The two big parties organised mass rallies at .which the political level was no higher than at the conventions of the Republican and Democratic parties in America-brass bands, rhythmic chanting and foot-stamping and cheering whenever the great Leader—Helmut or Franz-Josef—paused, precisely to allow for pre-arranged cheering to break out. There can’t even be the satisfaction of recording that a reasonable percentage chose to abstain as a vague sort of protest against this farce which the major parties made of the election. For the turn-out was over 90 per cent and of these nearly 98 per cent voted for one or other of the three major parties.


Cynicism

Following the recent assassination of the former dictator of Nicaragua, General Somoza (no tears, by request), the obituaries referred to the fact that the country had been run as a family property of the Somozas for fifty years. The founding father (founding uncle, actually) was a murderous tyrant in the best South American tradition. This Somoza’s rise to power was engineered by the USA and when the attention of the President was called to his monstrous tyranny, he replied in the immortal words: “I know he’s a son of a bitch. But he’s our son of a bitch”. And who was this president? Nixon? Johnson? No, the great reforming New Dealer—Franklin D. Roosevelt himself.


Nuclear survival

The Observer (October 5) had a report from America which gave a grisly account of what was in store for those who were lucky enough to be part of the small minority who survived the holocaust of a nuclear war. With lethal doses of radiation all around, and with the impossibility of organising any sort of life amid all the destruction, the only iron rations a sensible person would have with them would be the “formula” which the Euthanasia Society is going to publish (in a booklet which it seems they dare not issue). It has of course been clear all along that even if such extreme measures as covering your head with a jacket, whitewashing the windows or—the ultimate defence—hiding under the staircase where the Angel of Death can’t find you, would save you from the effects of a megaton H bomb onslaught (and obviously the writers of the government pamphlet on the subject must have been wetting themselves laughing while they were writing), you would be awfully jealous of those who were lucky enough to have been killed and free from the pain of life in this capitalist vale of tears.

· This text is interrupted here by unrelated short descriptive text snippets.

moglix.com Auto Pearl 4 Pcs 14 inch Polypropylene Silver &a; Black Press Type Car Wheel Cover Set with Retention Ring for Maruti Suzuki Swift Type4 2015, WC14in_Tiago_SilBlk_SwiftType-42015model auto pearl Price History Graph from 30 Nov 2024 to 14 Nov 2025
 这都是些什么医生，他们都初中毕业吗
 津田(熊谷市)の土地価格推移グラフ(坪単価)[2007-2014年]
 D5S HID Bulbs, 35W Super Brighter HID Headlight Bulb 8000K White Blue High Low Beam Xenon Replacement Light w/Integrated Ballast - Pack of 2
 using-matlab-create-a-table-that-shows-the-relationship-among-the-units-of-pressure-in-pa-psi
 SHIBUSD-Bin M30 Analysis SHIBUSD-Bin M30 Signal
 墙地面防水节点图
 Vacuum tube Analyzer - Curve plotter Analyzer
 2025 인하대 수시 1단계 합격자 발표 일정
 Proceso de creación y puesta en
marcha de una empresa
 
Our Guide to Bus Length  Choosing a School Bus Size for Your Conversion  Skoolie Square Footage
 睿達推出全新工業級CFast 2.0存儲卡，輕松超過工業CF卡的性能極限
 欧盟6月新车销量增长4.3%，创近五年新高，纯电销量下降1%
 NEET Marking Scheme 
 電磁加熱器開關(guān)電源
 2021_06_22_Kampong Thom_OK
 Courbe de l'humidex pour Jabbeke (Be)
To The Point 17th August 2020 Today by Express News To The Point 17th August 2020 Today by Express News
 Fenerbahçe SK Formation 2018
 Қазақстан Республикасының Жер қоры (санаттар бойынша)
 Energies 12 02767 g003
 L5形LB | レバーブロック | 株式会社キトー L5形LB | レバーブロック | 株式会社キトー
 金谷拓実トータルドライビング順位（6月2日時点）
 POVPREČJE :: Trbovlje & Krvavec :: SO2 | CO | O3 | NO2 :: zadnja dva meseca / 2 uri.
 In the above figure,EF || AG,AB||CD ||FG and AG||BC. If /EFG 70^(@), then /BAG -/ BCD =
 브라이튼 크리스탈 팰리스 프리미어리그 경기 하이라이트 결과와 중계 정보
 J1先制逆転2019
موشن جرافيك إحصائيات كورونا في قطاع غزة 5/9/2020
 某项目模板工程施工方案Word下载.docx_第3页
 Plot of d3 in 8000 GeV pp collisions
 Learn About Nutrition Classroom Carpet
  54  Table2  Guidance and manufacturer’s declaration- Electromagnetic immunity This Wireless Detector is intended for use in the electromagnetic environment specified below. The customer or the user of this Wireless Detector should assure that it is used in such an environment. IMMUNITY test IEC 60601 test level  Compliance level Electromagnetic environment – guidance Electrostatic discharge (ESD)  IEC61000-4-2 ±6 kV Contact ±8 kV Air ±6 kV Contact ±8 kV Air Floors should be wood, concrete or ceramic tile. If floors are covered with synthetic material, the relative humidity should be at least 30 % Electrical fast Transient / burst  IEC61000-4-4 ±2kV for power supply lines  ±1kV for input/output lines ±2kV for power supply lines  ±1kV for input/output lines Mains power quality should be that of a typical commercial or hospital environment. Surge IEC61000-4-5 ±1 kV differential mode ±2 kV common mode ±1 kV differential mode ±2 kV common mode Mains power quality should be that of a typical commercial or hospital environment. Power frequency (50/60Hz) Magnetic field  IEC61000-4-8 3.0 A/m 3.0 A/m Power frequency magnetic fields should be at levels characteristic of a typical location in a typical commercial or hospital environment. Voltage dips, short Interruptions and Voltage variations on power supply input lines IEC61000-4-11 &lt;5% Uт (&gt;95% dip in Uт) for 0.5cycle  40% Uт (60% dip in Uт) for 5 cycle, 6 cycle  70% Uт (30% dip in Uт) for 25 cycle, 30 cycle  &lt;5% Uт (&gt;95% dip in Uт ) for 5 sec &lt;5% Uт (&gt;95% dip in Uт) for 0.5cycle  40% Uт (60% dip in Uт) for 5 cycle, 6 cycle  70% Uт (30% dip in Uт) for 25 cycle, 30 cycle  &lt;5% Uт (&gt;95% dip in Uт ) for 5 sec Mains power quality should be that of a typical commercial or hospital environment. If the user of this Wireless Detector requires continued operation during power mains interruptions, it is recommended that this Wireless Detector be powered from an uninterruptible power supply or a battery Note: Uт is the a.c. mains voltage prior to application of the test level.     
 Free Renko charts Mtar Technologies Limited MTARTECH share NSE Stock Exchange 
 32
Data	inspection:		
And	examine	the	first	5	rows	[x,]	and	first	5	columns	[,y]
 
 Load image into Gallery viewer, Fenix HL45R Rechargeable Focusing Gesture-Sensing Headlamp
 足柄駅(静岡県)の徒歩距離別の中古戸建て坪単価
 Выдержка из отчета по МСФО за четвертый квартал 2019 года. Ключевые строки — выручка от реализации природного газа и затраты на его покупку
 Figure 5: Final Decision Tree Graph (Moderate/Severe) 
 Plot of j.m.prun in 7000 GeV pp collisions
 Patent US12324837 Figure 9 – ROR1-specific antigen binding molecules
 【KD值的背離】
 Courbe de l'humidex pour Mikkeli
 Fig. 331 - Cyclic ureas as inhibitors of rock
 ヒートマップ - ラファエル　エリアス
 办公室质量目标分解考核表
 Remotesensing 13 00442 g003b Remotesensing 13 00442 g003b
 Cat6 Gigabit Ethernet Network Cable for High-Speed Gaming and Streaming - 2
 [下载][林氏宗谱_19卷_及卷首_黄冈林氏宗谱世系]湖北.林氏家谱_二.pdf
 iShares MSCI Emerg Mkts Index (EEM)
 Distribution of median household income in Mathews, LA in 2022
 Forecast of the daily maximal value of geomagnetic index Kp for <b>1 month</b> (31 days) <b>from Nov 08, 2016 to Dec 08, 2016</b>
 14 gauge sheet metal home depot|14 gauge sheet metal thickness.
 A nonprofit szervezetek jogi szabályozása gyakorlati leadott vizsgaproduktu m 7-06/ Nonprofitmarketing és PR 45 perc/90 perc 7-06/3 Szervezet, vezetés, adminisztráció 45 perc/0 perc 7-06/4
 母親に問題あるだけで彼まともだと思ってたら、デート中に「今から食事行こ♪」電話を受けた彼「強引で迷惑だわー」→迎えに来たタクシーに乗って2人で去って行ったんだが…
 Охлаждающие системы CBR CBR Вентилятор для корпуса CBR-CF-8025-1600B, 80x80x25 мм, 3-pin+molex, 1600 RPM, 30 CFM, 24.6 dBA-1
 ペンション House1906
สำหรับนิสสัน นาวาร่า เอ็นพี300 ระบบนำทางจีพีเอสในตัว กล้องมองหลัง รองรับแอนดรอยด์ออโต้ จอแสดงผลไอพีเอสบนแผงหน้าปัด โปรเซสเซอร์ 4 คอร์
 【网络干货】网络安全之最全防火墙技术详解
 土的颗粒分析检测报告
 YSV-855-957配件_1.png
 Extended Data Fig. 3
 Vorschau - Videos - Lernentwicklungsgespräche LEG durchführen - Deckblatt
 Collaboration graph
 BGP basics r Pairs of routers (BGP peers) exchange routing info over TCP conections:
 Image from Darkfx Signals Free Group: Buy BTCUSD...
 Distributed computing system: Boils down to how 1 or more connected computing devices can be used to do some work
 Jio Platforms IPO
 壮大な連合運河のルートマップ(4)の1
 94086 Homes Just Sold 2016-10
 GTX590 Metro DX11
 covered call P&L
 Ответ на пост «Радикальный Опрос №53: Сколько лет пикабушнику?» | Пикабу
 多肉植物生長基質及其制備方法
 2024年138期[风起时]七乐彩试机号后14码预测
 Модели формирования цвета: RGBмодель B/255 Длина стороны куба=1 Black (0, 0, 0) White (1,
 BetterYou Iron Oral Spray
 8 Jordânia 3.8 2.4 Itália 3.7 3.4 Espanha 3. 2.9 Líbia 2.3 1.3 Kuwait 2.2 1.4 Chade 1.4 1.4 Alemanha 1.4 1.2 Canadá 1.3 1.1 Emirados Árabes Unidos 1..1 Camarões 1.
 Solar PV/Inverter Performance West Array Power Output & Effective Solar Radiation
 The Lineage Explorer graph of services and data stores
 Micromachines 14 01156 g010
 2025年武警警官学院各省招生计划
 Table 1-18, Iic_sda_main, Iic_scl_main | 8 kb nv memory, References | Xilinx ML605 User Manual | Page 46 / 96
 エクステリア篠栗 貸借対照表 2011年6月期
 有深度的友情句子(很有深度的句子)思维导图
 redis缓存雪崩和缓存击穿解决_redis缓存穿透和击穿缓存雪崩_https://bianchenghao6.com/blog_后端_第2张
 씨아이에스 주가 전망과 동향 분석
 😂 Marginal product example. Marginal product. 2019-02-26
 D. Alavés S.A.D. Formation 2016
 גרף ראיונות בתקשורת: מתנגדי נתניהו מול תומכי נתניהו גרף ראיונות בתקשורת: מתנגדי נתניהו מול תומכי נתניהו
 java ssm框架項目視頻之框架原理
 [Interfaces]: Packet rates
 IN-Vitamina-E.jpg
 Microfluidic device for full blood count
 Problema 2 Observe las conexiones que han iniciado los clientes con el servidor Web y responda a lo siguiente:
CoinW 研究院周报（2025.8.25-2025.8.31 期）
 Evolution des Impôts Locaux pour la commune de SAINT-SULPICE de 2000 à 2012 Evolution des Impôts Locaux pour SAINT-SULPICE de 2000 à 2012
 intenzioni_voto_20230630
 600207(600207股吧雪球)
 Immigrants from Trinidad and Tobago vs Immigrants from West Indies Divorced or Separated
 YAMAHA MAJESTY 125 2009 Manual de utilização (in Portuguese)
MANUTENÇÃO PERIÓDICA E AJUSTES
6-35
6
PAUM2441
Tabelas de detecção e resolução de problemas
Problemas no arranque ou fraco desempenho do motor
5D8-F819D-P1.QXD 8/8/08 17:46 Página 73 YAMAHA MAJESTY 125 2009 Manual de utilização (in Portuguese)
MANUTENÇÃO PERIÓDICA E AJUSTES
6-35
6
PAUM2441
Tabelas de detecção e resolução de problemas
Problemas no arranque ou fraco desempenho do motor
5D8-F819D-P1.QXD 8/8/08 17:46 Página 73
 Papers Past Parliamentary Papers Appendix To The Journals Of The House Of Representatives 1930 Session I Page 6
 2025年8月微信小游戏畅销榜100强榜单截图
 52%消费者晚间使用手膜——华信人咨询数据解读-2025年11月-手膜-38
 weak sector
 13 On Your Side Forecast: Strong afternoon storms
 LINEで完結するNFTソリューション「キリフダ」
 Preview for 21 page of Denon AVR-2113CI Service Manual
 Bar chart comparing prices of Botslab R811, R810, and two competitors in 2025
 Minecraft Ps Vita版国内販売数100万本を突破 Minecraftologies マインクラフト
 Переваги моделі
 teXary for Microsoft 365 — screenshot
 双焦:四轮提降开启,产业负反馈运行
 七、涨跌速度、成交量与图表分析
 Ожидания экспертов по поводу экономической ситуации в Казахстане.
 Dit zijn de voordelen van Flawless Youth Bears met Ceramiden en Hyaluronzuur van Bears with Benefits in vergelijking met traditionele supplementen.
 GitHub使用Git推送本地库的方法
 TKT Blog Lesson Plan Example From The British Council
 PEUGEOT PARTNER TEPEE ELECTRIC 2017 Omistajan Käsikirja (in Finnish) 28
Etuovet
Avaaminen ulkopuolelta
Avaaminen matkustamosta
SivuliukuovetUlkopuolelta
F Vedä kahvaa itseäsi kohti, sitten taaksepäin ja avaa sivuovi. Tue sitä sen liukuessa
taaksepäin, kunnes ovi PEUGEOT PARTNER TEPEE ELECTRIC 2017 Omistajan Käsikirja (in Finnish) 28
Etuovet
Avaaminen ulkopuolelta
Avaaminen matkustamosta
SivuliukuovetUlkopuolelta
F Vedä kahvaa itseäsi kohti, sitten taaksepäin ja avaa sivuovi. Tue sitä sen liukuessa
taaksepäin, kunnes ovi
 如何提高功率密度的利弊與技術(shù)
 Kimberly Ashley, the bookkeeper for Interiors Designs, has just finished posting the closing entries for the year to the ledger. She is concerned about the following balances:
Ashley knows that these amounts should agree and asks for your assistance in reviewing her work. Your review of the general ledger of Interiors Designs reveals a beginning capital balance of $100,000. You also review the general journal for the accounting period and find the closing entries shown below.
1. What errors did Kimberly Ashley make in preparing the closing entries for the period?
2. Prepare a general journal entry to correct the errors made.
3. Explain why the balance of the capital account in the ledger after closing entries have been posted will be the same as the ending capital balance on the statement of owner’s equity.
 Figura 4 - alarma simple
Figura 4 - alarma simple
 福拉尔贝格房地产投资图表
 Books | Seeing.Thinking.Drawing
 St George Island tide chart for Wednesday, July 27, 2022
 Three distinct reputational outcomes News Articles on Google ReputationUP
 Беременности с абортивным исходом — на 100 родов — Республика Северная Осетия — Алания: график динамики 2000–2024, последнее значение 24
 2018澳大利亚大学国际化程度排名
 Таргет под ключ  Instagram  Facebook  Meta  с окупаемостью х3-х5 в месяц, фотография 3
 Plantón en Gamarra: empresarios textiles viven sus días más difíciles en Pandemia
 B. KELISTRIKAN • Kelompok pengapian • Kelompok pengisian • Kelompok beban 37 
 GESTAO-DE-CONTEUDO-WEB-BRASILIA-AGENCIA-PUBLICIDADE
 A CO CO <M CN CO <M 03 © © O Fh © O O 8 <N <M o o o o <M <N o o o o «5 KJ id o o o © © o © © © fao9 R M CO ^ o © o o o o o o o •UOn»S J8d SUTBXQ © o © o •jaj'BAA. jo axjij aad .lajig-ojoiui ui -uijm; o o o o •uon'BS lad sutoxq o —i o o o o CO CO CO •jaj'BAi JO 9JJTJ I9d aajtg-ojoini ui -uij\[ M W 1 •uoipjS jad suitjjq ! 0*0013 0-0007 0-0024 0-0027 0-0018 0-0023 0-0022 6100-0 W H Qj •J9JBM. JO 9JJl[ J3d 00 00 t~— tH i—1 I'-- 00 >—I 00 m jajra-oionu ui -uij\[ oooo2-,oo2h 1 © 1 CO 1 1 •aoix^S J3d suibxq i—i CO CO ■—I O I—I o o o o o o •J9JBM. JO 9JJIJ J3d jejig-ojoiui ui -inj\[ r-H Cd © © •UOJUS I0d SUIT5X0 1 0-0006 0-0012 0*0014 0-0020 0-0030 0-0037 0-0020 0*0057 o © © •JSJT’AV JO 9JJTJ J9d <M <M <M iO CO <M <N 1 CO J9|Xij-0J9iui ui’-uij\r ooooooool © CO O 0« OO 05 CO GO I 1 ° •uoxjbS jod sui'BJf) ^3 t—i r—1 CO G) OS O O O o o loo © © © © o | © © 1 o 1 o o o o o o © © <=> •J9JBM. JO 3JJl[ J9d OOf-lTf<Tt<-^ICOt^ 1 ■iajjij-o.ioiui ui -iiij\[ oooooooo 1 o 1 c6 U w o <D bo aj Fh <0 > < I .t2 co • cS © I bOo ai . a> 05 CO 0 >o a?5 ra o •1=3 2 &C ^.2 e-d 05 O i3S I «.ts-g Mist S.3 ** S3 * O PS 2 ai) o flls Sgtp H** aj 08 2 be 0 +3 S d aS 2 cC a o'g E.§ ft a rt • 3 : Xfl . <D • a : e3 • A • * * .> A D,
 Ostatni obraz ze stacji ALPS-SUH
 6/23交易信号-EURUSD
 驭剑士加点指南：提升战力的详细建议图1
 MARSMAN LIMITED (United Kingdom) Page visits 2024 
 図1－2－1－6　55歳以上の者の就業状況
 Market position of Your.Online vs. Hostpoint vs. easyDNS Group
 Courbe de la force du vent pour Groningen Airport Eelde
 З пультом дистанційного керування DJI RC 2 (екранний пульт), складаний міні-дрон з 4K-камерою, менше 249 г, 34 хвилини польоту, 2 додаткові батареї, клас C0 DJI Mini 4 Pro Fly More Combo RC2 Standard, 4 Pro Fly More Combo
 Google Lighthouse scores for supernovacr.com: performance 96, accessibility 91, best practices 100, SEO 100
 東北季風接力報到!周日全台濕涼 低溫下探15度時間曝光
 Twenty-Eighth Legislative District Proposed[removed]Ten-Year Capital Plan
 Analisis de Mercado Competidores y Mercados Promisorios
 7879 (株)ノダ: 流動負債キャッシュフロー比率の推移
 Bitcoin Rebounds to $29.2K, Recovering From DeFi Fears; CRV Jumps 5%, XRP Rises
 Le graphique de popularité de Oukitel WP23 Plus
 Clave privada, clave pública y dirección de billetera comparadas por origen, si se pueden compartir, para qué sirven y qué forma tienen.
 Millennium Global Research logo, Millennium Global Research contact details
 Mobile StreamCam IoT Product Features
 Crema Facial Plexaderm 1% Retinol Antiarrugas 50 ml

Not that this has prevented a mini-boom in nuclear shelters—there is, as they say, one born every minute. And a man called Popkiss—the son of a Chief Constable, no less—has, according to the Guardian, published a book whose first edition has sold out (get your order in for one of the next edition at once). Scorning the government measures as quite inadequate, Popkiss gives better instructions for the lucky readers. This includes methods of getting to the countryside as soon as Armageddon starts. This is going to be difficult, it seems, because the authorities will block the roads with their traffic and their tanks. But Popkiss has no doubt that he will be able to get away. He has carefully noted all the back doubles out of Southampton where he lives. And if you buy the book you will get to know all these useful tips. (As the Guardian reporter pointed out, Popkiss will find that all the back doubles of Southampton will be blocked by all the thousands of readers of his book. However, he will have made a pile out of it by then. You can’t win ’em all. And you can’t take it with you.)

Does nobody want to know the little fact that there is a simple method of avoiding a nuclear holocaust? Simply abolish capitalism, the cause of all wars in the modern world (and of all the other social evils as well). Why wait till the bombs are falling?